One reason for this is that prospective voters are much harder to reach than they used to be. For decades, the principal way to poll people has been by calling them at home. Even Gallup, long a holdout, switched to phone interviews in 1988. But landlines, as you may have noticed, have become far less prevalent. In the United States, fixed telephone subscriptions peaked in 2000 at 68 per 100 people, according to the World Bank. Today, we're down to 40 per 100 people, as more and more Americans—especially young ones—choose to live in cell-only households. Meanwhile, Federal Communications Commission regulations make it far more expensive to survey people via mobile phones. On top of that, more people are screening their calls, refusing to answer attempts from unknown numbers.
In addition to being more picky about whom they'll speak to, cellphone users are less likely to qualify for a survey being conducted. In August, I got a call from an interviewer looking for opinions from voters in Florida. That's understandable, since I grew up in Tampa and still have an 813 area code. Since I no longer live in the state, I'm not eligible to vote there, yet some poor polling company had to waste time and money dialing me—probably repeatedly, until I finally picked up—before it found that out.
All these developments have caused response rates to plummet. When I got my first job at a polling firm after grad school, I heard tales of a halcyon era when researchers could expect to complete interviews with 50 percent or more of the people they set out to reach. By 1997, that number had fallen to 36 percent, according to Pew Research Center. Today it's in the single digits.
This overturns the philosophy behind probability polling, which holds that a relatively small number of people can stand in for the full population as long as they are chosen randomly from the larger group. If, on the other hand, the people who actually take the survey are systematically different from those who don't—if they're older, or have a different education level, or for some other reason are more likely to vote a certain way—the methodology breaks down.
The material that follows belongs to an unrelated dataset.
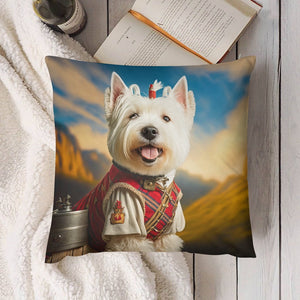 Highland Majesty Westie Plush Pillow Case-Cushion Cover-Dog Dad Gifts, Dog Mom Gifts, Home Decor, Pillows, West Highland Terrier-7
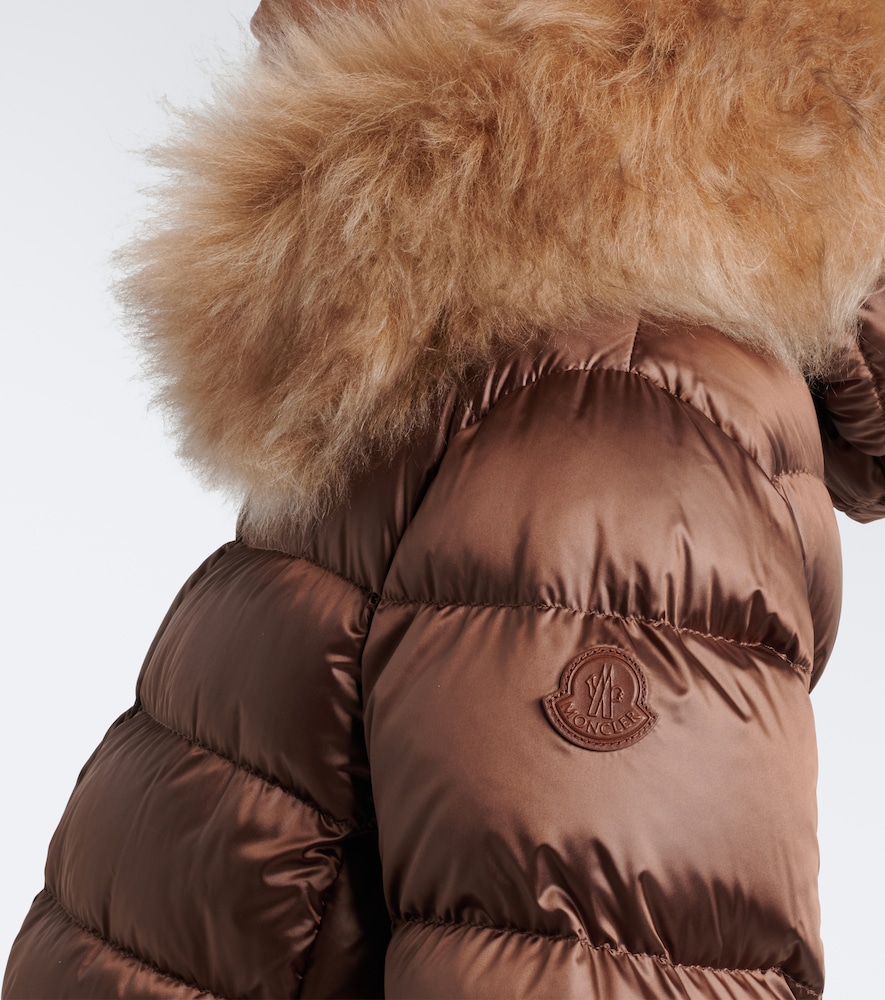 Shearling-Trimmed Down Coat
A series of Pew Research studies suggests, counterintuitively, that falling response rates may not actually matter. "Telephone surveys that include landlines and cell phones and are weighted to match the demographic composition of the population continue to provide accurate data on most political, social and economic measures," concludes the most recent study, conducted in the first quarter of 2012. "This comports with the consistent record of accuracy achieved by major polls when it comes to estimating election outcomes, among other things." But that was before the streak of missed calls in the four years since. A savvy observer would be right to wonder if people's growing unwillingness to participate in surveys has finally rendered the form inadequate to the task of predicting election outcomes.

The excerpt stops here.